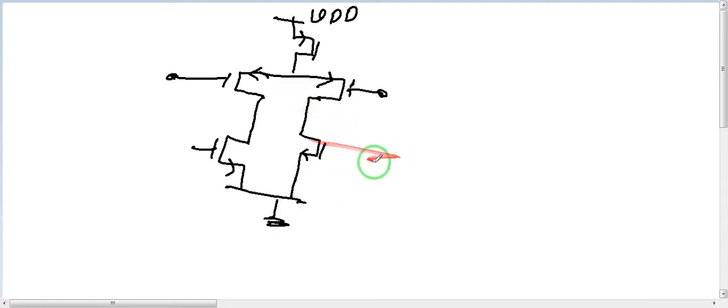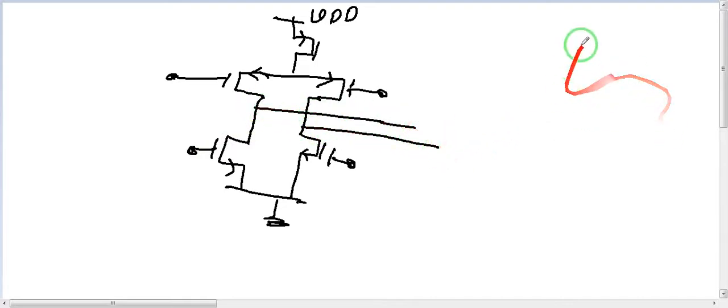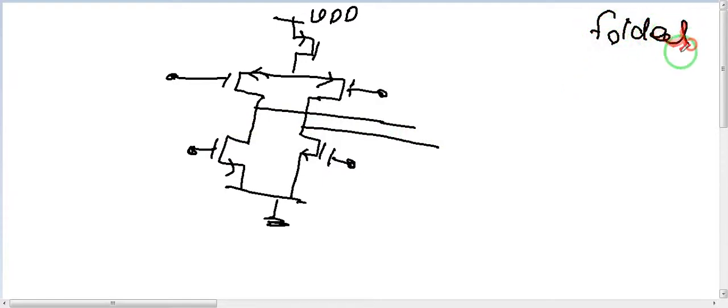We have the active loads for gain and biases. We want to make these things folded — a full folded cascode. When designing in a technology with limited VDD, it's good to use a folded cascode for gain, to have another stage for more gain. With a telescopic design at 1.2V or less, you'd have swing problems, so we fold it.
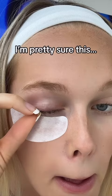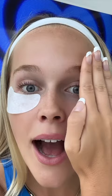Are you ready? Look at the difference — these are like beautifully bent. Let me know if you want a side-by-side comparison with mascara. Follow for more beauty hacks.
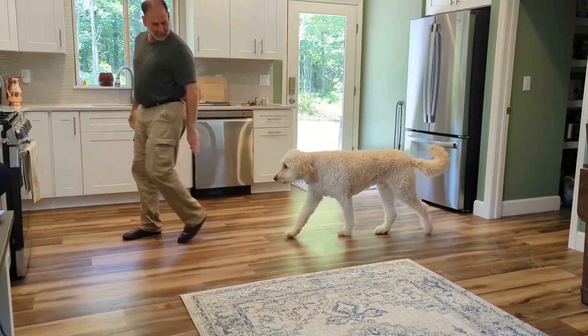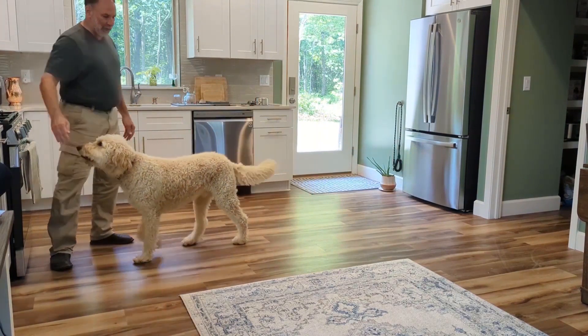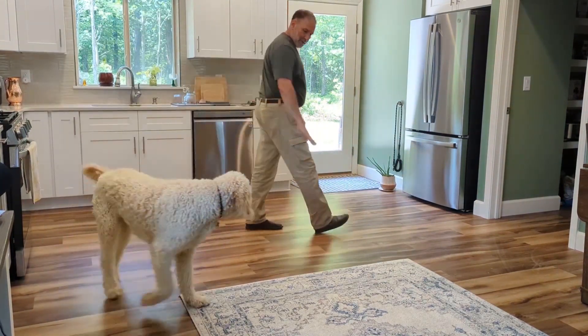In the clip, you can hear: 'Let's go. Back. Good boy. This way. Let's go. Back. Good boy.' It's a little tough to tell in this clip, but notice the sequence that I follow.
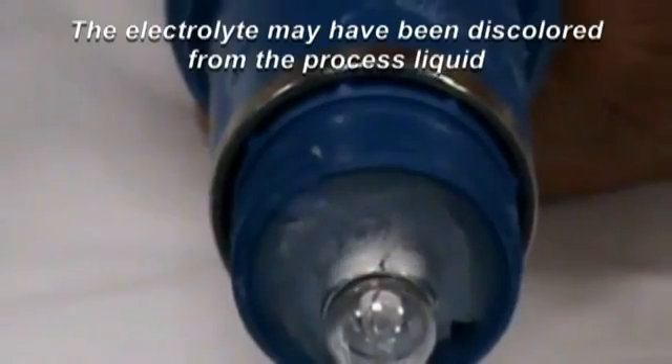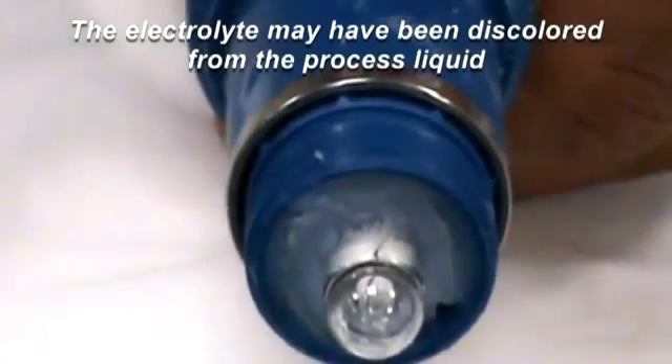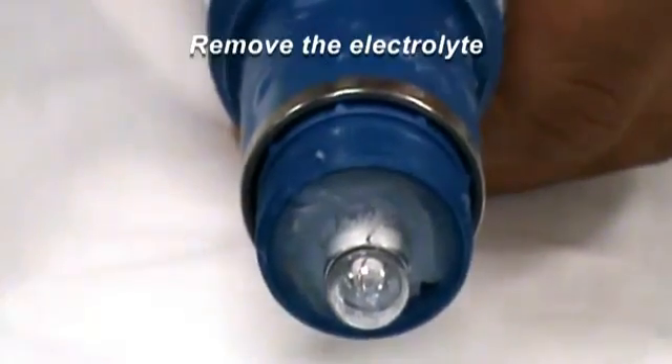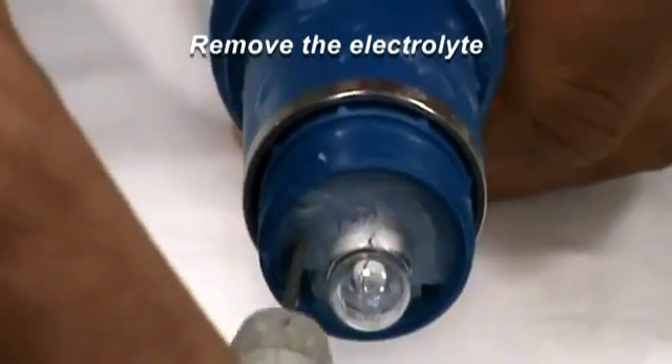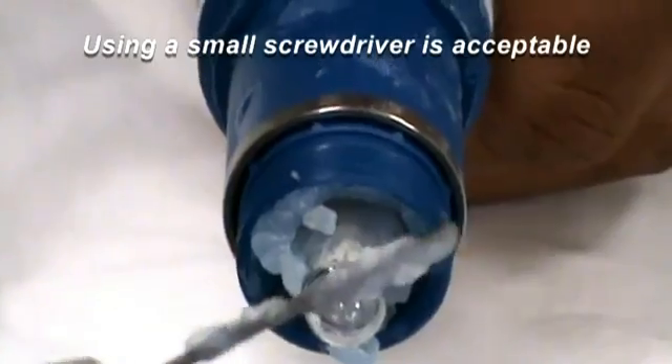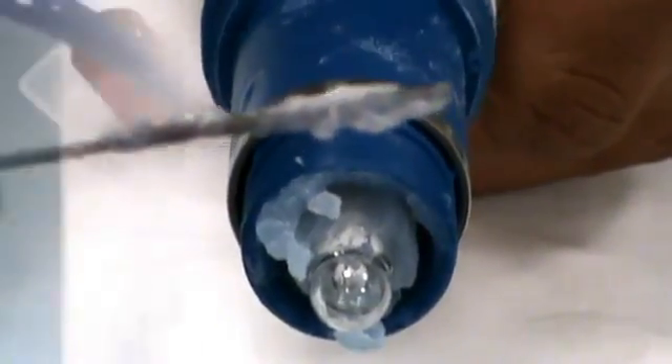The electrolyte may have been discolored from the process liquid, so it might not be the same color as you see here. Remove the electrolyte from the electrolyte chamber by shaking it out or wiping it out. Don't be afraid to use a small screwdriver to assist you with this step.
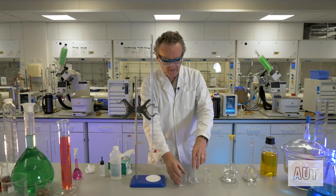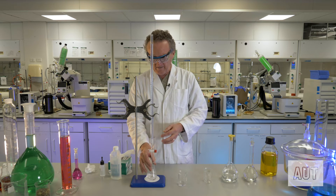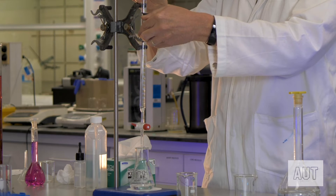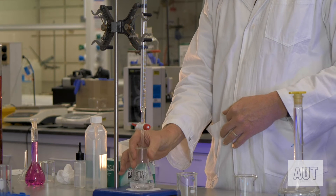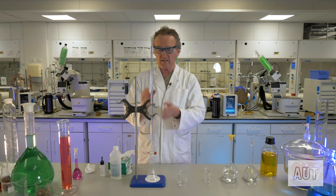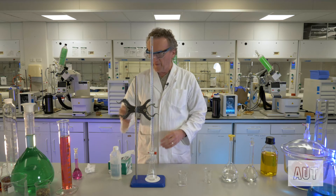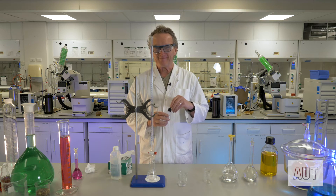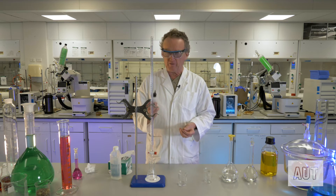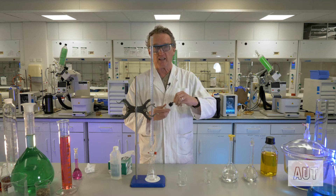Now we're all set. Here's our Erlenmeyer — we're going to put it under there like so. A good tip: you're going to be swirling the Erlenmeyer as you're adding the sodium hydroxide, so put the level of the burette tip below the top of the Erlenmeyer. That way as you're swirling you'll never miss the target. If the tip is too high, you can very easily drop solution outside the flask. The one thing we need to remember is to add our indicator — in this case phenolphthalein. All you need is a couple of drops; two drops will do. Don't put a huge squirt of indicator — more is definitely not better here.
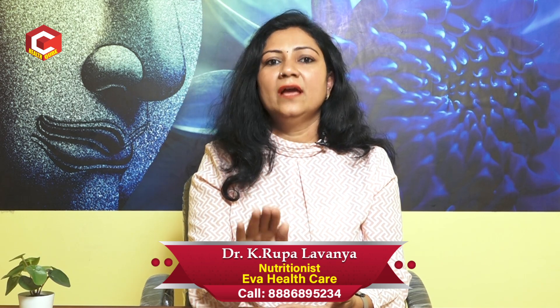Then breathe in and breathe out through your mouth, like candle blowing. Breathe in and breathe out — just normal breathe in and breathe out, and relax.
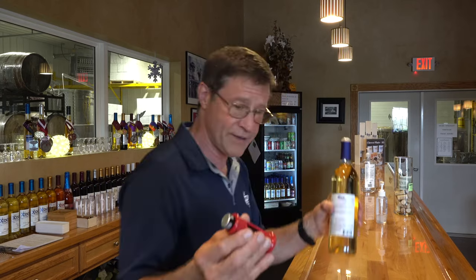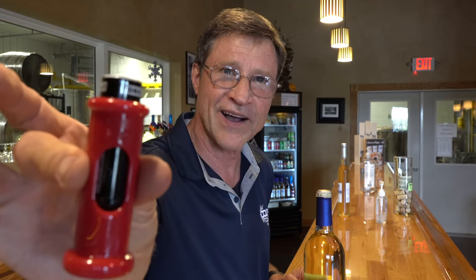This is Jay Stager from Cold Country Vines & Wines. Today, I'm gonna show you how to use a device called Cort Pops. This is me trying this thing for the first time myself — I've never used this before. I'm going to take this device and a bottle of wine. We don't have these things in the tasting room yet, but we have them on order and should be getting them in a couple of days.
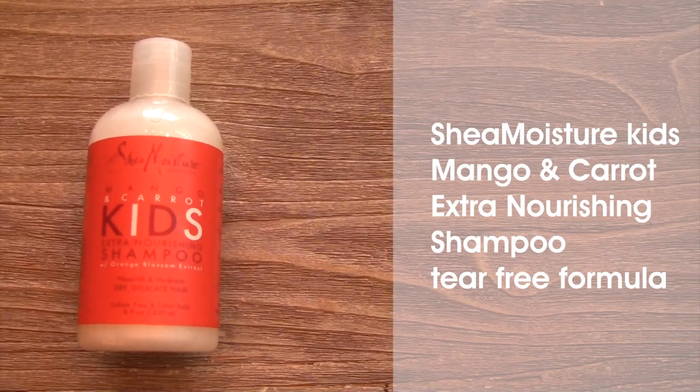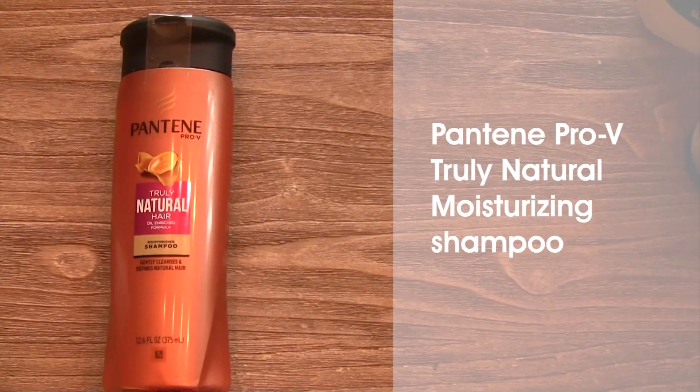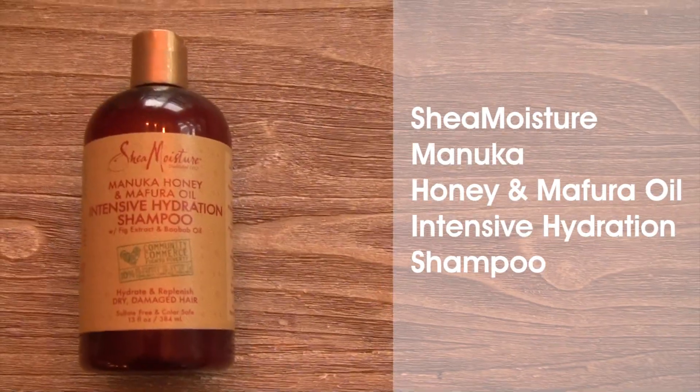Next — time to shampoo. For the kids, I will use the Shea Moisture Mango and Carrots shampoo — it smells so good. I'll use that for the younger kids. For my older kids and myself, we'll use the Pantene Truly Natural shampoo. I love this because it really gets rid of everything — very satisfying. I've also used and enjoyed the Manuka Honey by Shea Moisture Intensive Shampoo. All products are listed in the description below.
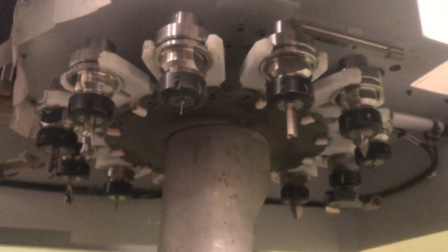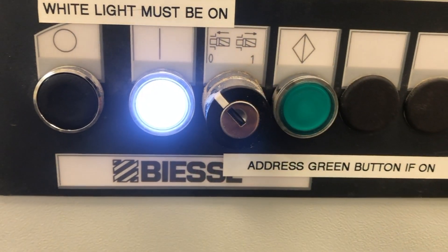To switch out any tooling on the CNC machine, you should always use the tooling key that you will need to retrieve from your instructor. The tooling key will prevent the CNC machine from running or performing any operations.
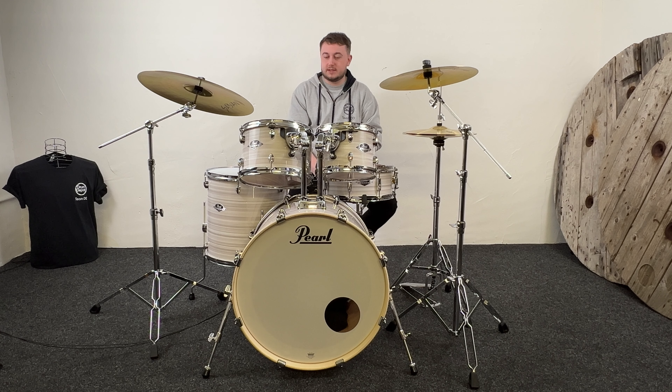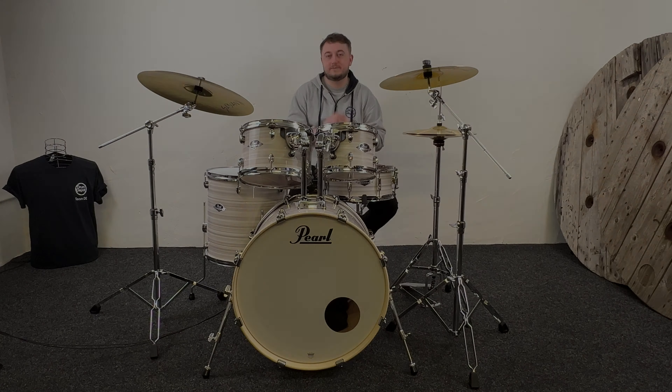We were all busting to show you what this kit sounds like because it looks like a business. We filmed a lovely little demo video for you, so please let us know what you think in the comments below. Cheers.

+ + +

== WORK ORDER ==
Every line from the top of the records above to the line with "Then breathe in", inclusive, should be duplicated exactly, minus the pictures.

== SOLUTION BELOW ==
We have the active loads for gain and biases. We want to make these things folded — a full folded cascode. When designing in a technology with limited VDD, it's good to use a folded cascode for gain, to have another stage for more gain. With a telescopic design at 1.2V or less, you'd have swing problems, so we fold it.
Are you ready? Look at the difference — these are like beautifully bent. Let me know if you want a side-by-side comparison with mascara. Follow for more beauty hacks.
In the clip, you can hear: 'Let's go. Back. Good boy. This way. Let's go. Back. Good boy.' It's a little tough to tell in this clip, but notice the sequence that I follow.
The electrolyte may have been discolored from the process liquid, so it might not be the same color as you see here. Remove the electrolyte from the electrolyte chamber by shaking it out or wiping it out. Don't be afraid to use a small screwdriver to assist you with this step.
Now we're all set. Here's our Erlenmeyer — we're going to put it under there like so. A good tip: you're going to be swirling the Erlenmeyer as you're adding the sodium hydroxide, so put the level of the burette tip below the top of the Erlenmeyer. That way as you're swirling you'll never miss the target. If the tip is too high, you can very easily drop solution outside the flask. The one thing we need to remember is to add our indicator — in this case phenolphthalein. All you need is a couple of drops; two drops will do. Don't put a huge squirt of indicator — more is definitely not better here.
Then breathe in and breathe out through your mouth, like candle blowing. Breathe in and breathe out — just normal breathe in and breathe out, and relax.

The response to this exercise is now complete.